### Source data
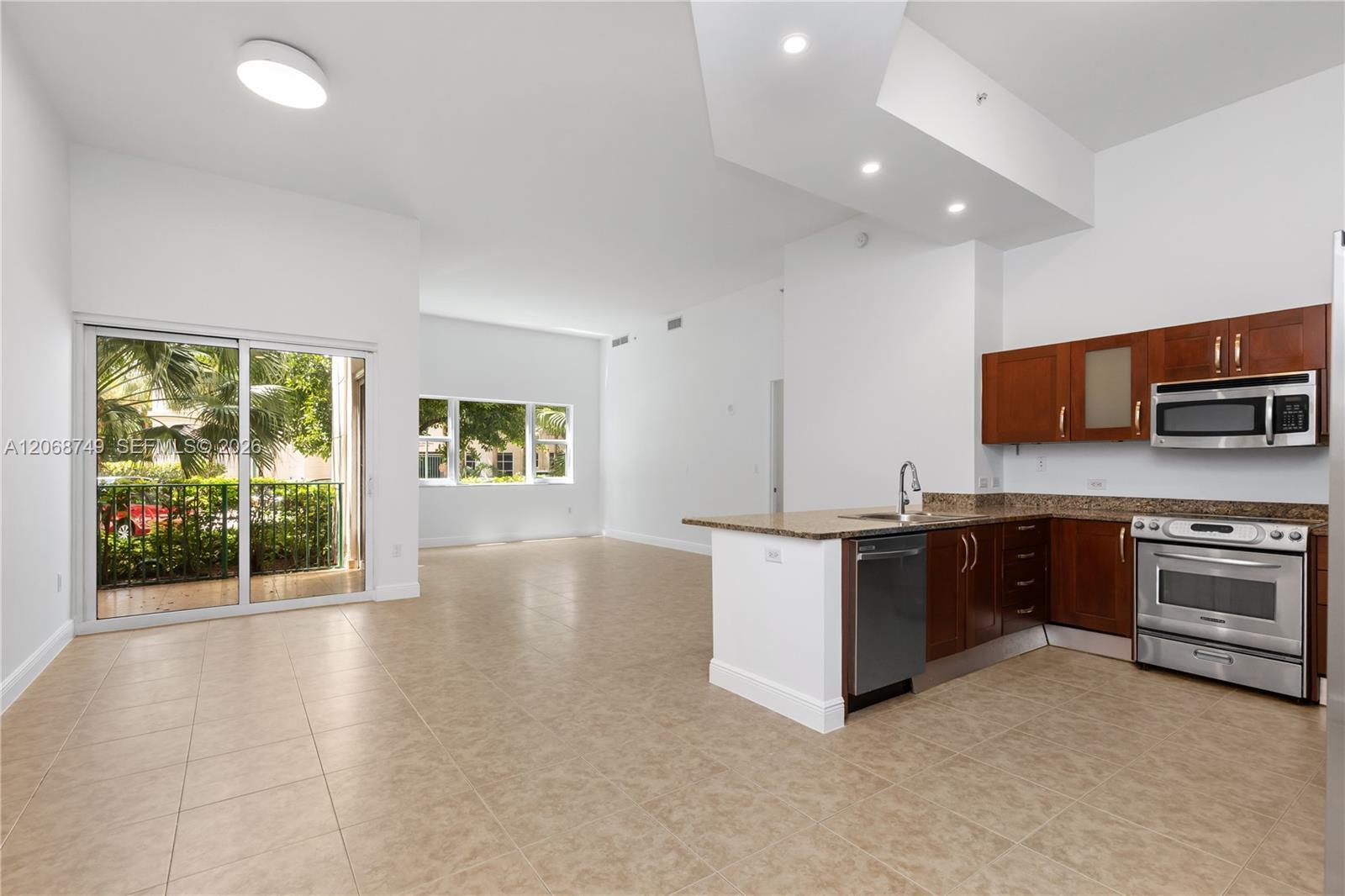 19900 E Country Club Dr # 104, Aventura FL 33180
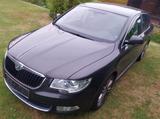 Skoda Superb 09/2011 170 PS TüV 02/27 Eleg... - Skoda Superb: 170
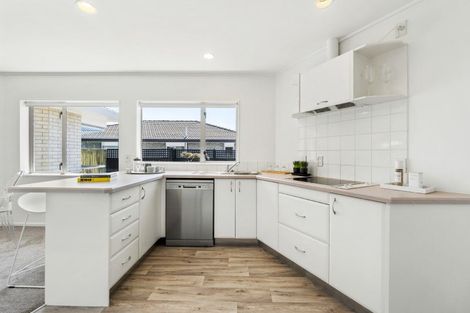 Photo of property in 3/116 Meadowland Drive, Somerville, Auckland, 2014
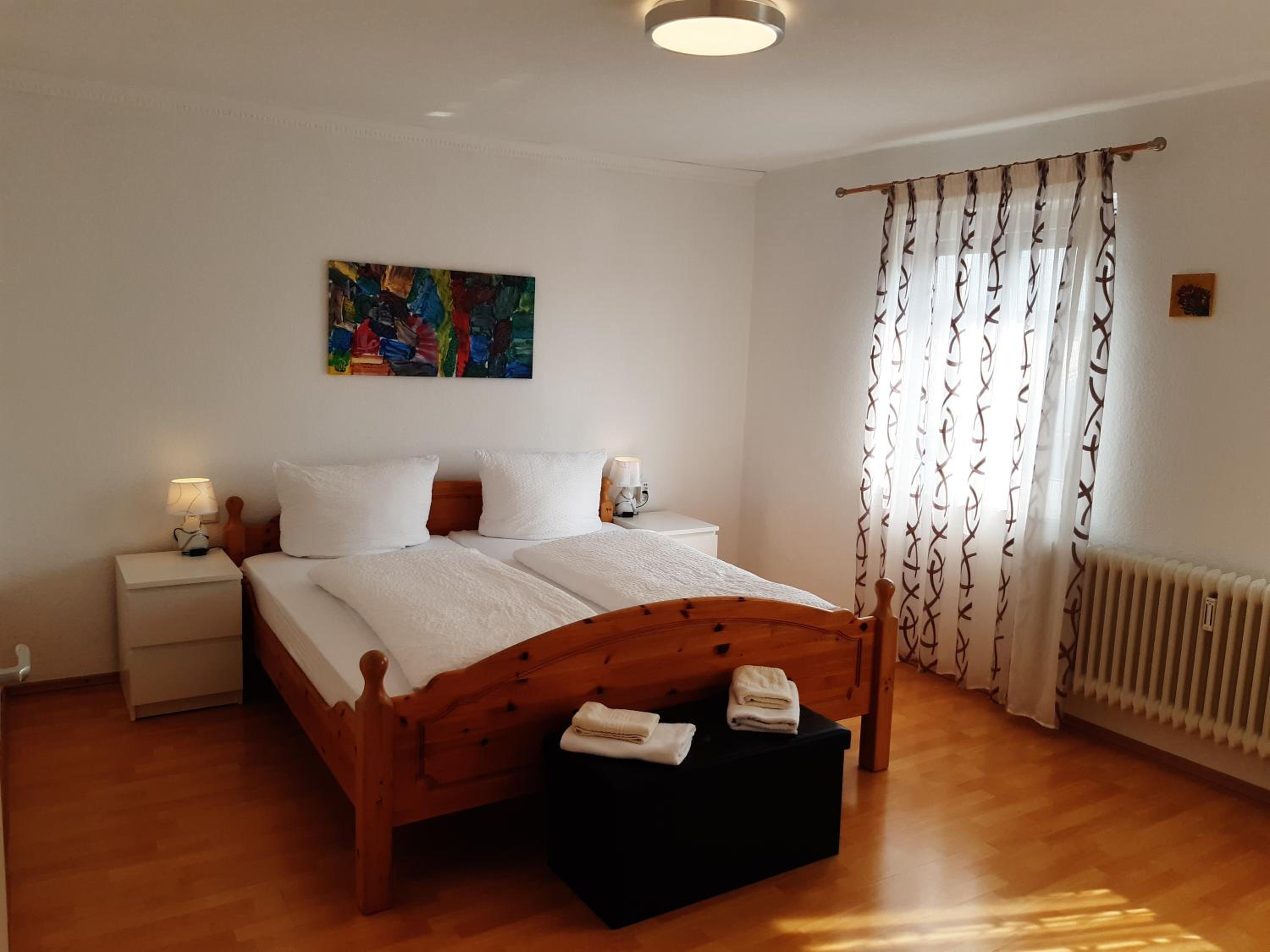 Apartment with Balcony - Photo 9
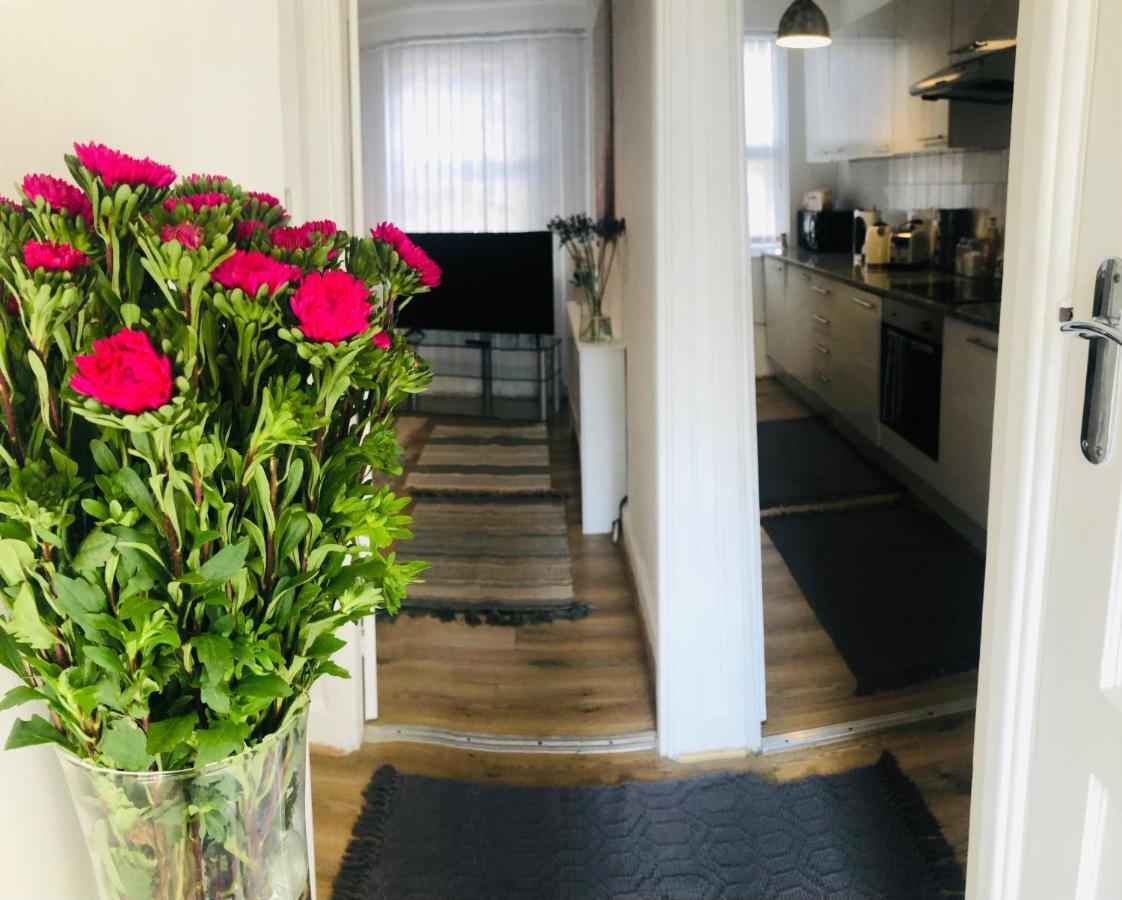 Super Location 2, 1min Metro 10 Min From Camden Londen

### Your goal
Only the entries themselves should be output, word for word, with all pictures omitted.

### Task answer
 19900 E Country Club Dr # 104, Aventura FL 33180
 Skoda Superb 09/2011 170 PS TüV 02/27 Eleg... - Skoda Superb: 170
 Photo of property in 3/116 Meadowland Drive, Somerville, Auckland, 2014
 Apartment with Balcony - Photo 9
 Super Location 2, 1min Metro 10 Min From Camden Londen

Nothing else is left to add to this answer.